## [What is expected]
When the line with "Everyday the Label" appears below, start repeating lines exactly, and keep going through the line with "5 пар женских"; add nothing outside that span.

## [Data for this task]
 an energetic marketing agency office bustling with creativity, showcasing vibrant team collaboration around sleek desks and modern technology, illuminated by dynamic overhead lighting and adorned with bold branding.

---

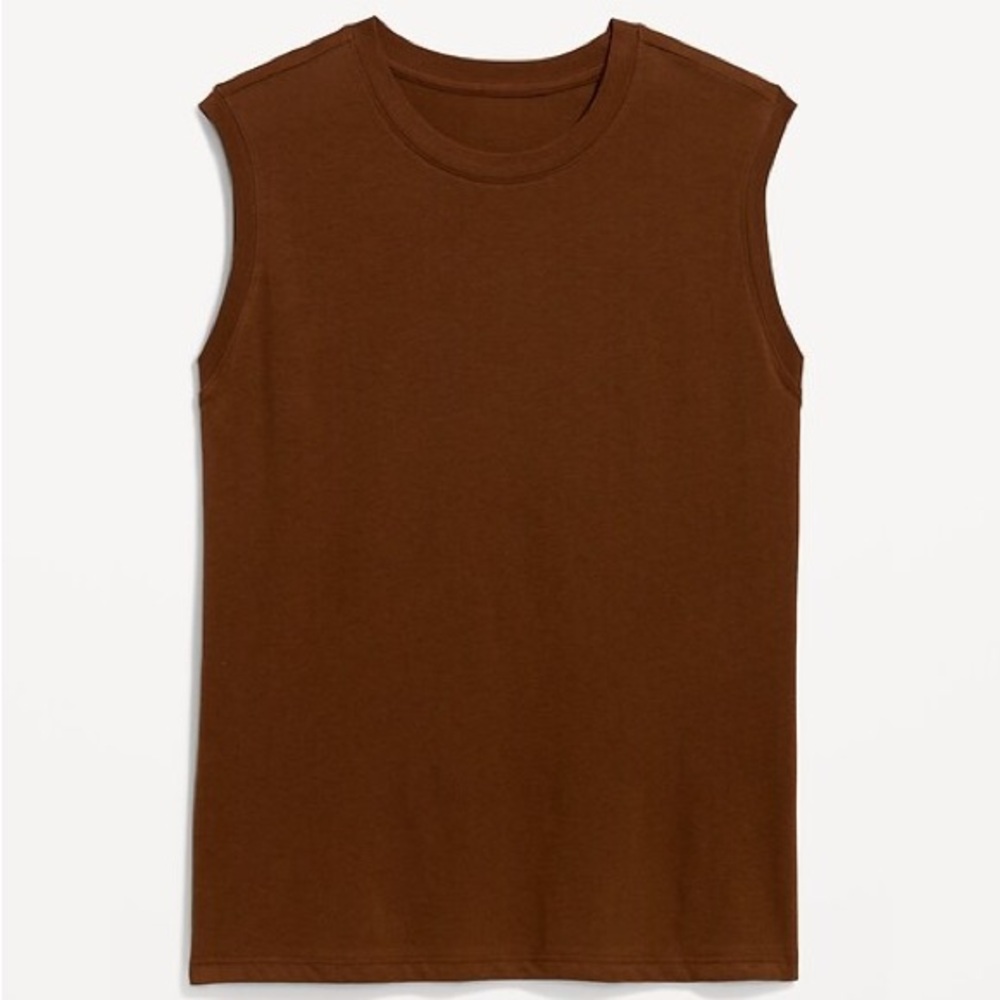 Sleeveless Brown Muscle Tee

--

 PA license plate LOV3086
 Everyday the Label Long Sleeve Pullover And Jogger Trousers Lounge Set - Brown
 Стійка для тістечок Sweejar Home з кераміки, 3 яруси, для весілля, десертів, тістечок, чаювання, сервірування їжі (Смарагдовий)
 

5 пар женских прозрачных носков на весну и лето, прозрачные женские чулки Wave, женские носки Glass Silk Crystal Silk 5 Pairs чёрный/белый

## [Solved exercise]
 Everyday the Label Long Sleeve Pullover And Jogger Trousers Lounge Set - Brown
 Стійка для тістечок Sweejar Home з кераміки, 3 яруси, для весілля, десертів, тістечок, чаювання, сервірування їжі (Смарагдовий)
 

5 пар женских прозрачных носков на весну и лето, прозрачные женские чулки Wave, женские носки Glass Silk Crystal Silk 5 Pairs чёрный/белый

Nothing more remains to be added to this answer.